30 St Mary Axe, more widely known as ‘The Gherkin’ is located in the City of London and made from 7,429 panes of glass. It dominates the skyline of the City of London and stands at 180m, three times the height of Niagara Falls. Find out more about The Gherkin.

London attraction fact #13

The Palace of Westminster is often referred to as the Houses of Parliament and is situated along the River Thames in Westminster. Until 1512 it was home to the Monarchs of England and the only original part of the building that still stands is Westminster Hall. Find out more about the Palace of Westminster.

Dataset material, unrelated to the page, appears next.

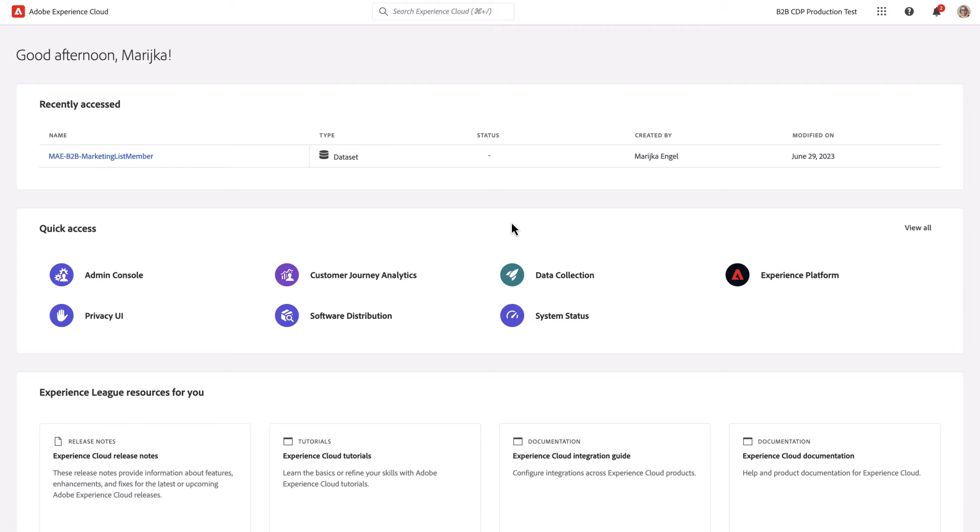Hello, I'm Marika Engel, Principal Product Manager for Adobe Analytics. Today I'm going to showcase customer journey analytics support for lookup data in lookup and profile datasets.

London attraction fact #14

Also referred to as the Shard of Glass, The Shard measures over 300m in height is the tallest building in the European Union. It’s made from 11,000 glass panels and a team of 6 abseiling window cleaners ensure that they are kept clean. Find out more about The Shard.

More Facts about Camden

Camden is where The Stay Club student accommodation is based and Wikipedia will tell you that Camden Town is famed for its market, a warren of fashion and curiosities by the Regent’s Canal. Simply put, it’s a very cool part of London and has been described as ‘a jewel in the capital’s tourist crown,’ unbeatable in its location, diversity and buzz.

Camden fact #15

Camden Market is not actually just one market. It’s actually a series of markets located in the borough of Camden: Camden Lock, Canal Market, the Stables, Buck Street Market, Electric Ballroom and Inverness Street Market.

Camden fact #16

‘Please sir, may I have some more?’ The Cleveland Street Workhouse in Fitzrovia, Camden, was identified as the likely location of the workhouse featured in this famous Oliver Twist scene.

Camden fact #17

Camden Market has been ranked as London’s fourth-largest attraction with approximately 100,000 people visiting the stalls and shops each weekend. Camden area generates £1.2 billion from visitor spending and has 24,400 businesses, which is the second largest in London after Westminster.

Camden fact #18

Withnail and I is an iconic film that takes place in Camden Town and features the market as one of its locations. Filmmaker Bruce Robinson once lived in Camden and based the film on his experiences living in the borough. During leaner times, he would swipe fruits and vegetables left behind when the market shut up for him to eat.